Другой проект, под названием «Mountain tale», был создан в 1998 году при участии полистилевого ансамбля Moscow Art Trio (композитор и пианист Михаил Альперин, фольклорист и мультиинструменталист Сергей Старостин и виртуозный исполнитель на валторне и других духовых инструментах Аркадий Шилклопер), женского хора Angelite из Болгарии и тувинского фольклорного ансамбля Хуун-Хуур-Ту. Многочастная композиция построена М. Альпериным из собственной музыки с включением разнонационального фольклорного материала, а также фрагментов произведений разных авторов из репертуара болгарского хора. В различных сочетаниях иногда одновременно накладываются звучания трех языков, горловое пение, близкий к академическому хоровой стиль, тувинские этнические инструменты, иногда – токкатно-джазовый стиль фортепиано, в одном из фрагментов – многослойная звукопись, воспроизводящая звучания природы. С началом каждой части открывается какое-нибудь новое и неожиданное стилистическое измерение, а в целом выстраивается композиция симфонического качества по уровню контрастов и внутренней целостности.
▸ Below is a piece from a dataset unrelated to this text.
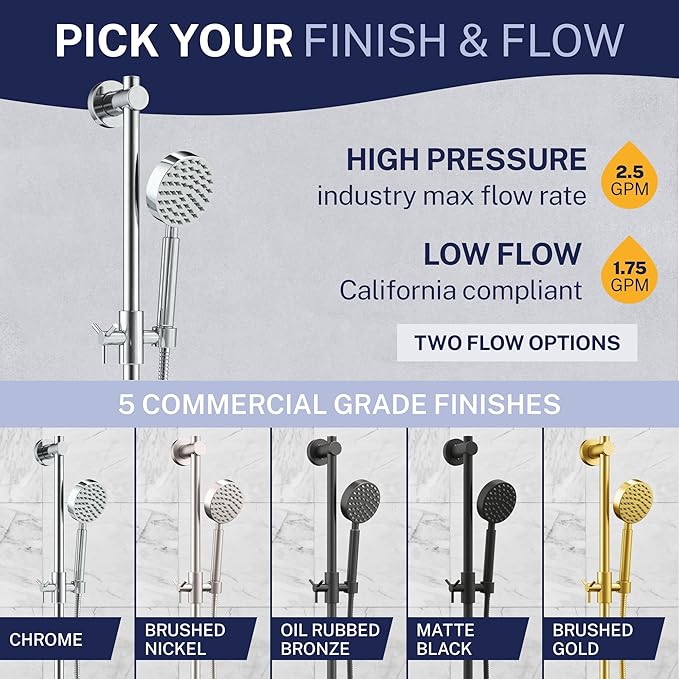 HammerHead Showers® Solid Metal 27.5 Inch Shower Slide Bar Set and Handheld Shower Head with Hose — BRUSHED GOLD — 1.75 GPM Low Flow Spray Wand — Easily Adjust Height & Angle of Handshower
Таким образом, освоение новой звуковой лексики, свободное творческое преобразование культурных традиций разных народов и эпох, новое соотношение между импровизационной спонтанностью и фиксацией звукового результата – стали новыми константами современного музыкального творчества. Новыми становятся и формы взаимодействия музыки с другими, преобразующимися и вновь возникающими видами искусства. Обращение к особенностям устного народного творчества сегодня, как и на предыдущих этапах, вносит в профессиональное искусство свои неповторимые черты, отражаясь в разных его аспектах и иногда определяя дальнейшие пути развития.